Funded by a $250,000 gift from a retired trucking magnate named Sidney Harkema, the new institute was prompted in part by McVety’s impatience with the Evangelical Fellowship, which published a guide for clergy on just how far they could go fighting Bill C-38 without incurring Revenue Canada’s wrath. McVety scoffs at that scrupulousness. “There’s nothing in the regulations that says we’re second-class citizens not allowed to have a voice,” he says.

To head the icv, McVety tapped someone who shared his taste for a more boisterous approach: Joseph Ben-Ami, an Orthodox Jew who’d been B’nai Brith’s point man in Ottawa and a top operative in Stockwell Day’s leadership campaigns. A ubiquitous presence at Conservative and evangelical gatherings, Ben-Ami emerged during last spring’s child-care debate as more than just a quotable source defending Harper’s family allowance. He showed up brandishing Access to Information documents charging that some advocates of public daycare, including the Caledon Institute, had received Liberal government funding. “It’s a con game,” Ben-Ami declared, “and Canadian taxpayers are the victims.”

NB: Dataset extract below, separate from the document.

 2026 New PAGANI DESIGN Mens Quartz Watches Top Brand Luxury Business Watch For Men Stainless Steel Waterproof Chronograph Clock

McVety’s ideological muscle-flexing has provoked charges that he’s financed by the US Christian right. “We haven’t seen one American greenback,” he retorts. Still, his critics could be forgiven for leaping to conclusions. Canada Christian College houses nearly two dozen evangelical tenants, including Oral Roberts Ministries, and just down the hall from McVety’s own office he runs John Hagee’s Canadian command post, dispensing books and dvds that he claims bring in $1 million a year. When McVety visits his televangelist chums south of the border, he says, they’re “appalled” by this country’s legislative developments. “They all say, ‘What’s happened to you?’ ” he reports. “ ‘You’re legalizing gay marriage, you’re legalizing marijuana. You’ve become extremists.’ ”

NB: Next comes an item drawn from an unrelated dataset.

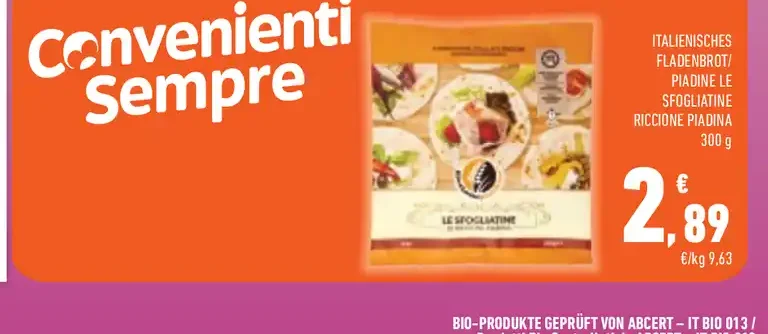 Piadina senza glutine Conad Alimentum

McVety has turned to key strategists who choreographed the religious right’s takeover of the Republican Party to help stop that drift. Two years ago, he imported Jerry Falwell for an “Emergency Pastors Briefing” to rally four hundred evangelical clergymen against a bill that included making denunciations of homosexuality a hate crime. Then last December, still smarting from their failure to stop Bill C-38, McVety and Ben-Ami launched the Institute for Canadian Values with a gala dinner tutorial from Ralph Reed, the boyish tactical wizard behind Pat Robertson’s Christian Coalition, which succeeded Falwell’s Moral Majority and helped mobilize the South for Bush. With nearly two million believers in his grassroots guerrilla force, Reed terrified liberal Republicans with his organizational stealth. “I paint my face and travel at night,” he once boasted. “You don’t know it’s over until you’re in a body bag. You don’t know until election night.”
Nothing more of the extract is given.